** Study material follows **

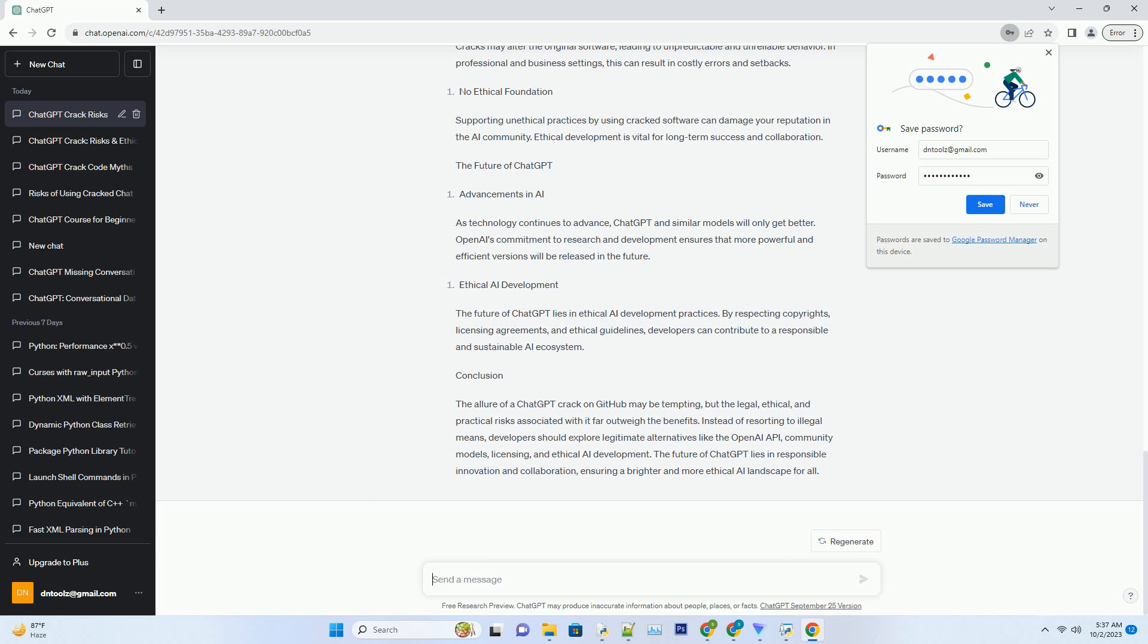Lack of Updates and Support. Cracked versions of software typically lack updates and customer support. This means missing out on bug fixes, performance improvements, and access to valuable resources that legitimate versions offer. Unreliable Performance: Cracks may alter the original software, leading to unpredictable and unreliable behavior. In professional and business settings, this can result in costly errors and setbacks.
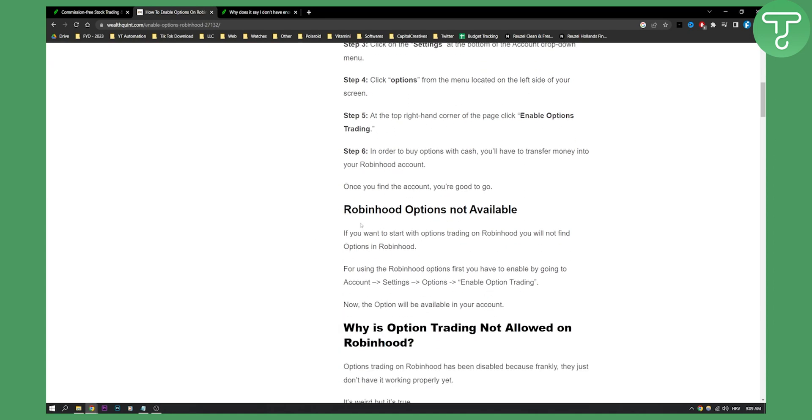Now if you don't have options available, if you want to start with options trading but you will not find options in Robinhood, for using the Robinhood options first you'll need to enable by going to account, settings, options, and then enable option trading. Now the option will be available in your account.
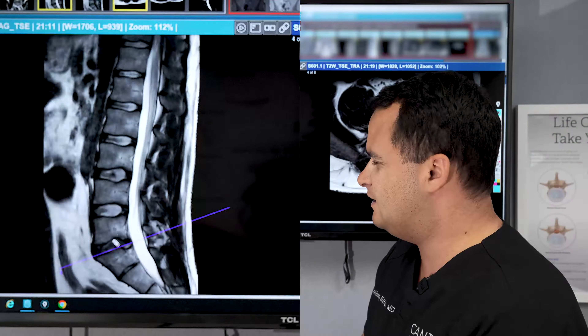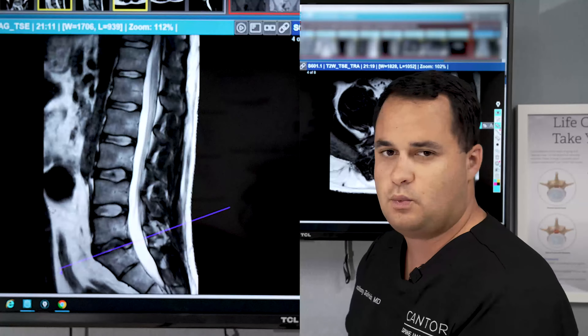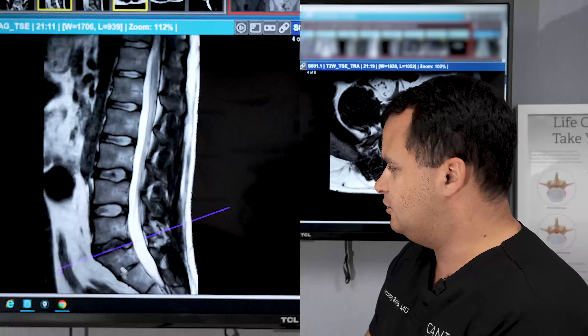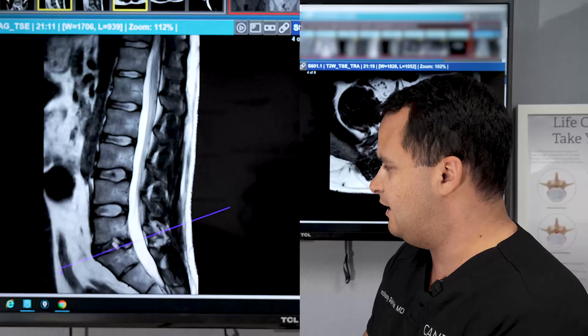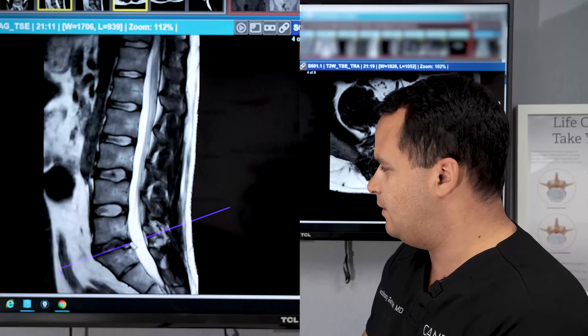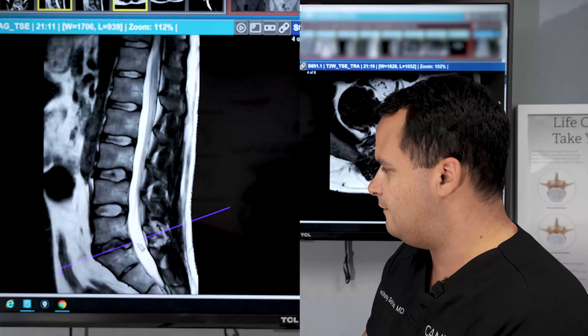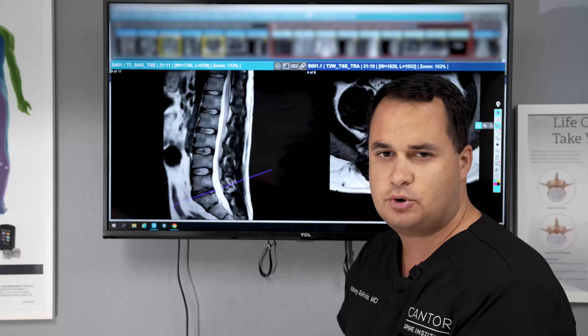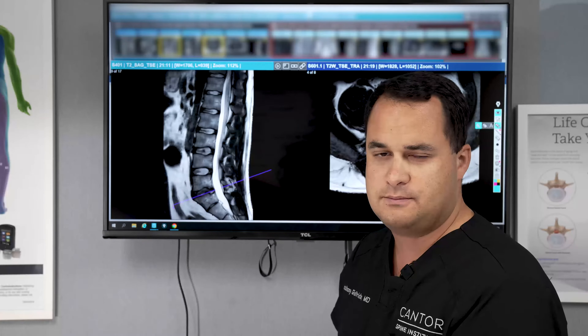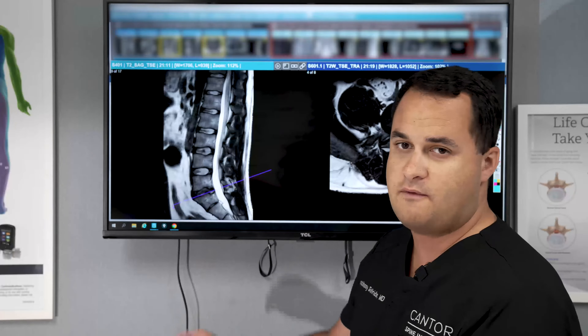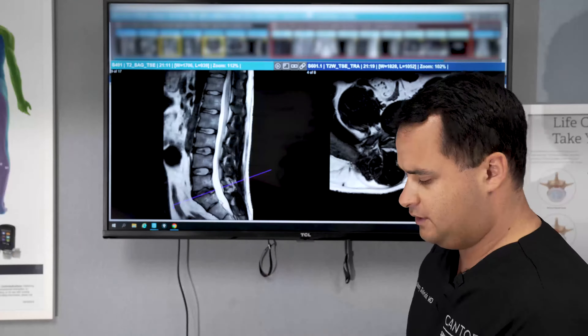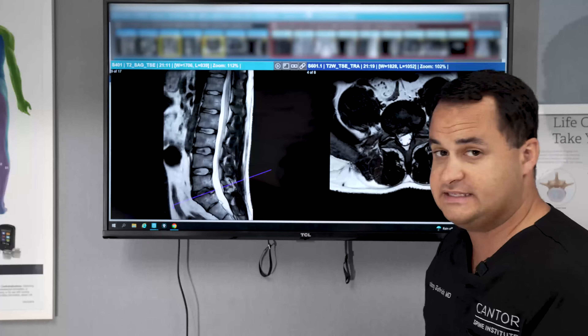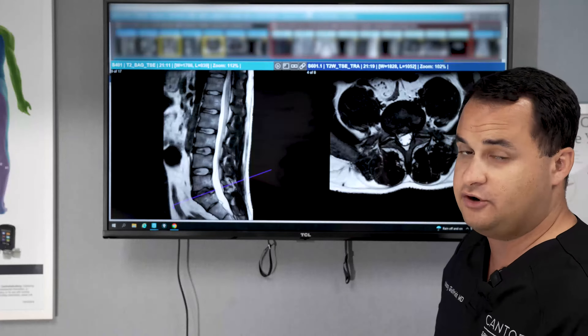When we get down to this L5-S1 disc, we notice there's a little bit of irregularity. But when we look into the canal, there's not much going on — not much bulging, not much compression. So we're going to come over to the axial view and see if we're pushing on any of the nerves.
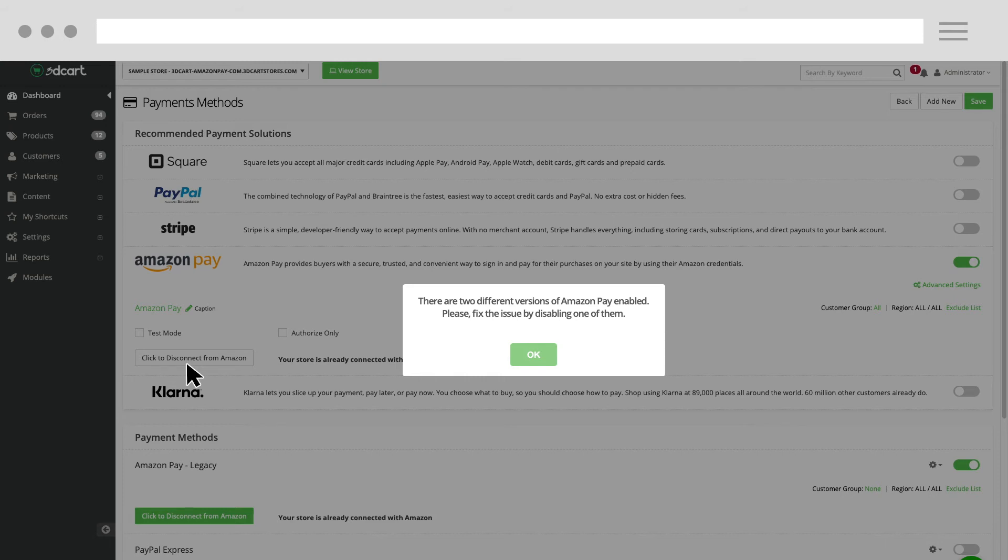You will also see this pop-up message asking you to disable one of the Amazon Pay versions since you have both the new and the legacy versions enabled.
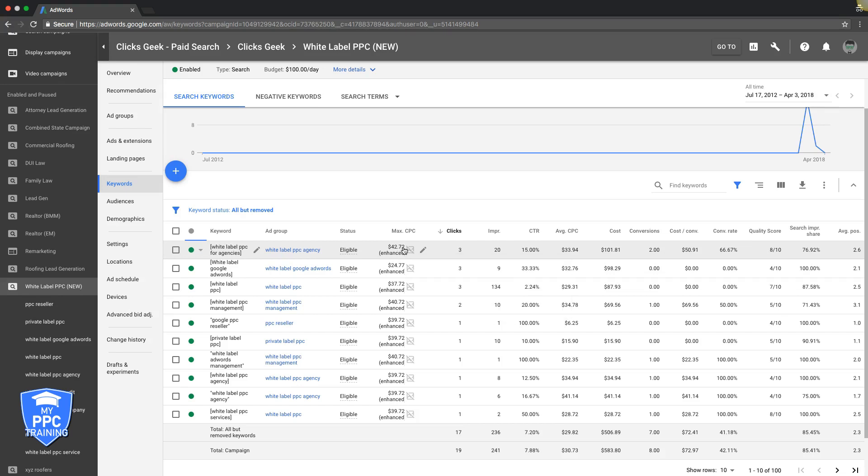So the simple remedy to that is just bid higher. So if we're doing 42 here, we jack that up like three, four bucks, see where that lands us. Same for all of these. Really easy to do.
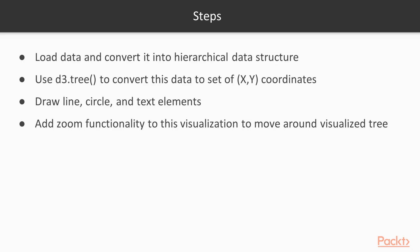To visualize this tree, we're going to follow some steps. The first thing we need to do is load the data and convert it into our hierarchical data structure.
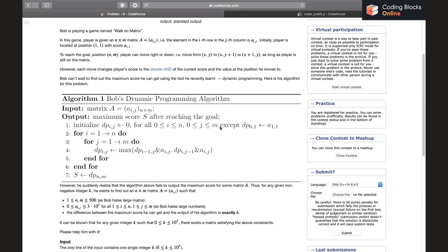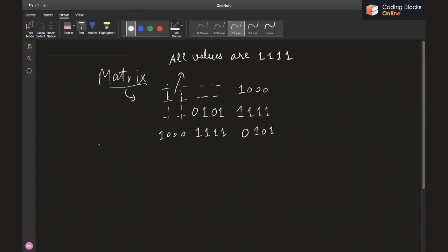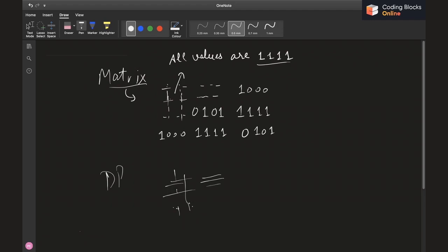Before jumping to the solution, we need to understand why this algorithm fails. I've written down an example matrix with values in binary form. All the left and up values are 1111 (all ones). Since all values are 1111, no matter what path is chosen, the AND values are also going to be 1111.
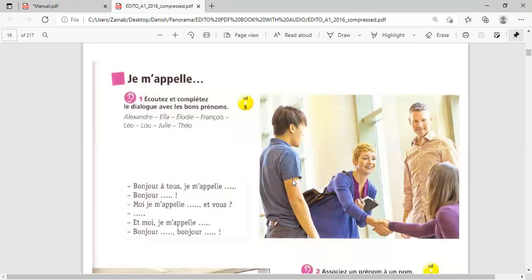Okay. This was the exercise. Now, do you have any idea what he said first? Bonjour à tous. Je m'appelle. Je m'appelle Lou. Well done. Very nice listening. Je m'appelle Lou.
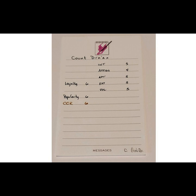When Count Draash summoned the banners to rally at Greywatch, each baron was given a set of orders — their SCMR. It is important to note that Count Draash knew nothing of the gathering of the Scarn tribes or the attack on Zan's Forge when all of this happened. Each baron was instructed to gather his own men-at-arms and proceed to the rally point.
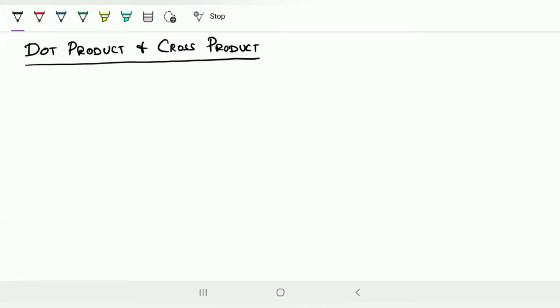Hello, welcome back. Here we will see about the dot product and cross product of vectors. We have a very simple difference between the cross product and the dot product.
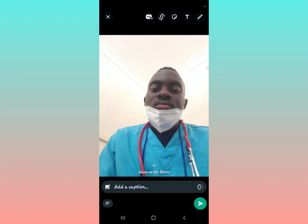The WhatsApp HD photo option is now visible. Make sure you subscribe to our YouTube channel for more videos like this. See you next time.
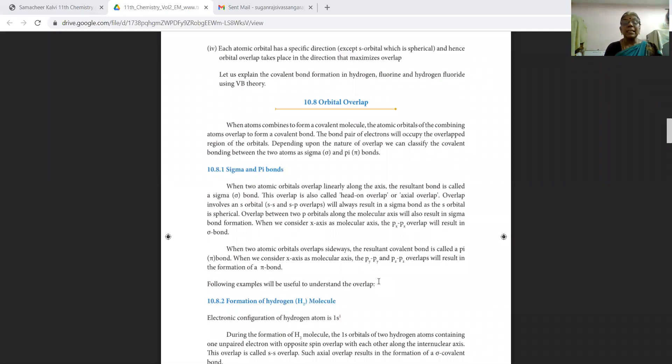That is orbital overlap. When atoms are combined to form a covalent molecule, the atomic orbitals of the combining atoms overlap to form a covalent bond. The bond pair of electrons will occupy the overlapped region of the orbital. Depending upon the nature of the overlap, we can classify covalent bonding into two types.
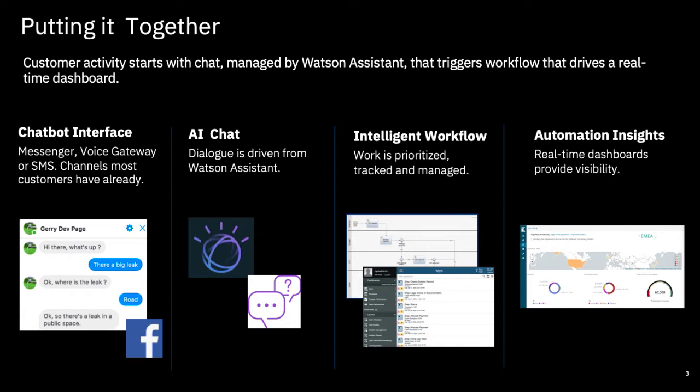The chatbot will gather data we need to start the business process in workflow so we can manage the end-to-end process. And finally we'll see some real-time dashboards driven from the data flowing through the workflow.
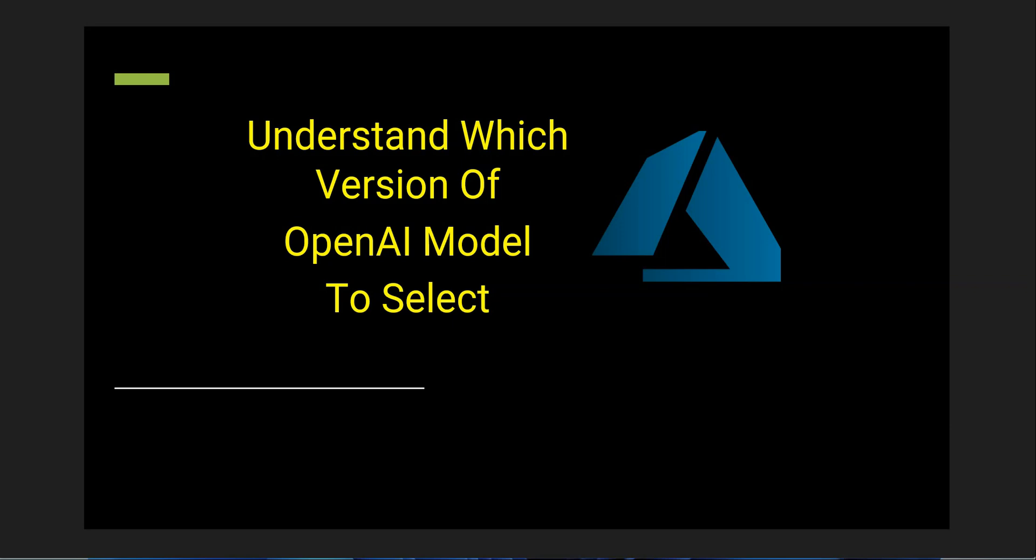Hello everyone, in this video I'm going to show you how to choose the version of OpenAI model. There are three different versions, and if you're confused which one to choose, then this video is for you.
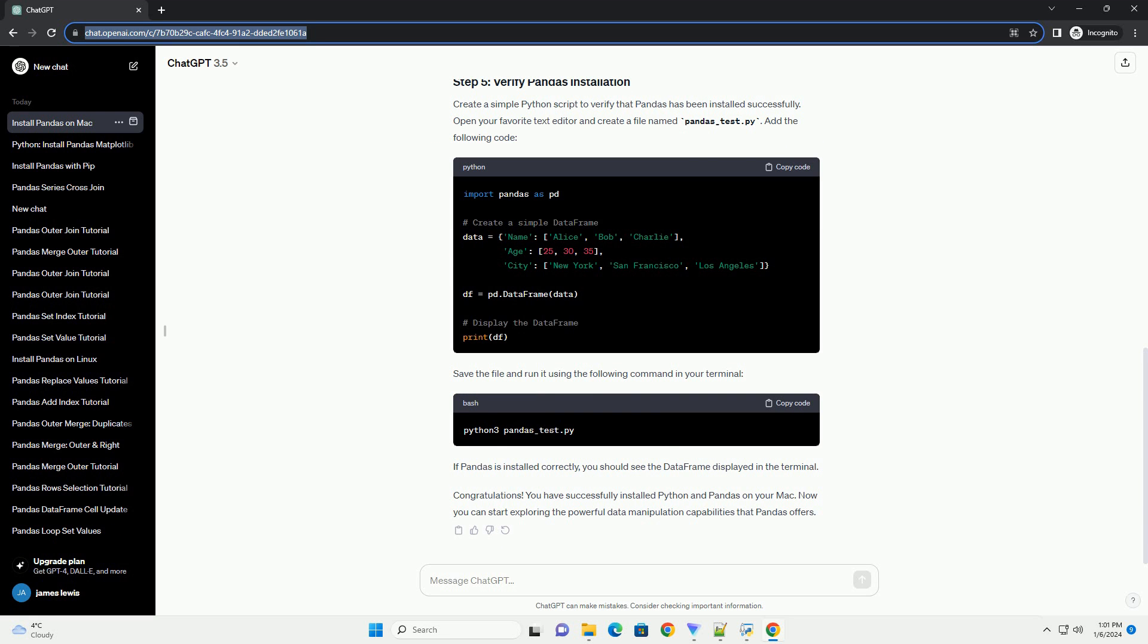Create a simple Python script to verify that Pandas has been installed successfully. Open your favorite text editor and create a file named pandas_test.py. Add the following code.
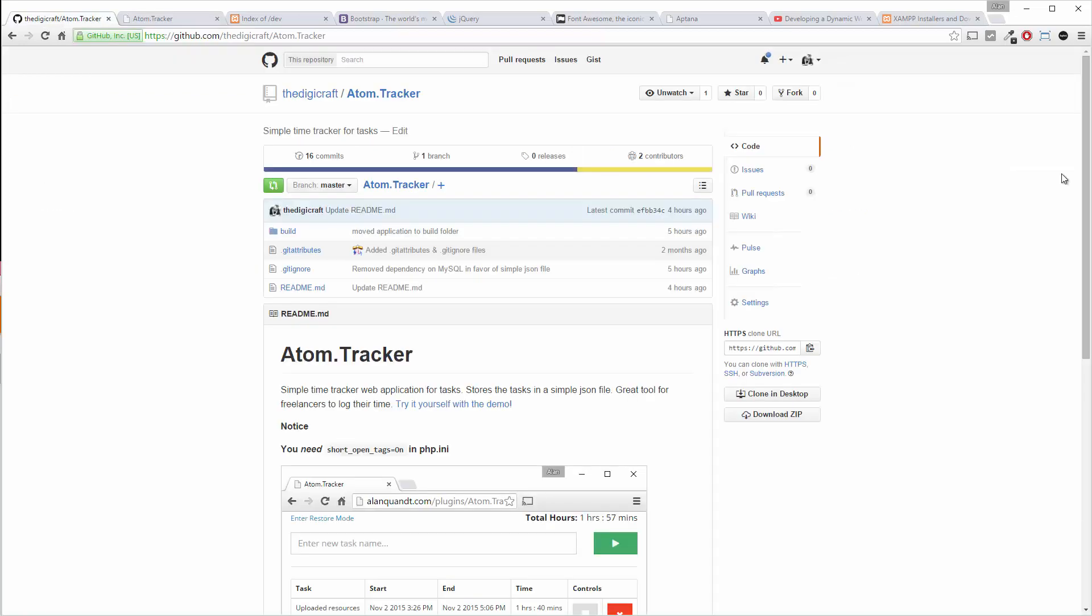So in the next video, we're gonna hop over here to GitHub and we're gonna take a look at the files involved in this.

** End of Study material **

--- Directions for this task ---
Among the entries above, copy exactly the stretch from the line holding "You will also" through the line holding "The chatbot will", leaving out any pictures.

--- Response ---
You will also see this pop-up message asking you to disable one of the Amazon Pay versions since you have both the new and the legacy versions enabled.
So the simple remedy to that is just bid higher. So if we're doing 42 here, we jack that up like three, four bucks, see where that lands us. Same for all of these. Really easy to do.
To visualize this tree, we're going to follow some steps. The first thing we need to do is load the data and convert it into our hierarchical data structure.
Before jumping to the solution, we need to understand why this algorithm fails. I've written down an example matrix with values in binary form. All the left and up values are 1111 (all ones). Since all values are 1111, no matter what path is chosen, the AND values are also going to be 1111.
Okay. This was the exercise. Now, do you have any idea what he said first? Bonjour à tous. Je m'appelle. Je m'appelle Lou. Well done. Very nice listening. Je m'appelle Lou.
When Count Draash summoned the banners to rally at Greywatch, each baron was given a set of orders — their SCMR. It is important to note that Count Draash knew nothing of the gathering of the Scarn tribes or the attack on Zan's Forge when all of this happened. Each baron was instructed to gather his own men-at-arms and proceed to the rally point.
Hello, welcome back. Here we will see about the dot product and cross product of vectors. We have a very simple difference between the cross product and the dot product.
The WhatsApp HD photo option is now visible. Make sure you subscribe to our YouTube channel for more videos like this. See you next time.
That is orbital overlap. When atoms are combined to form a covalent molecule, the atomic orbitals of the combining atoms overlap to form a covalent bond. The bond pair of electrons will occupy the overlapped region of the orbital. Depending upon the nature of the overlap, we can classify covalent bonding into two types.
The chatbot will gather data we need to start the business process in workflow so we can manage the end-to-end process. And finally we'll see some real-time dashboards driven from the data flowing through the workflow.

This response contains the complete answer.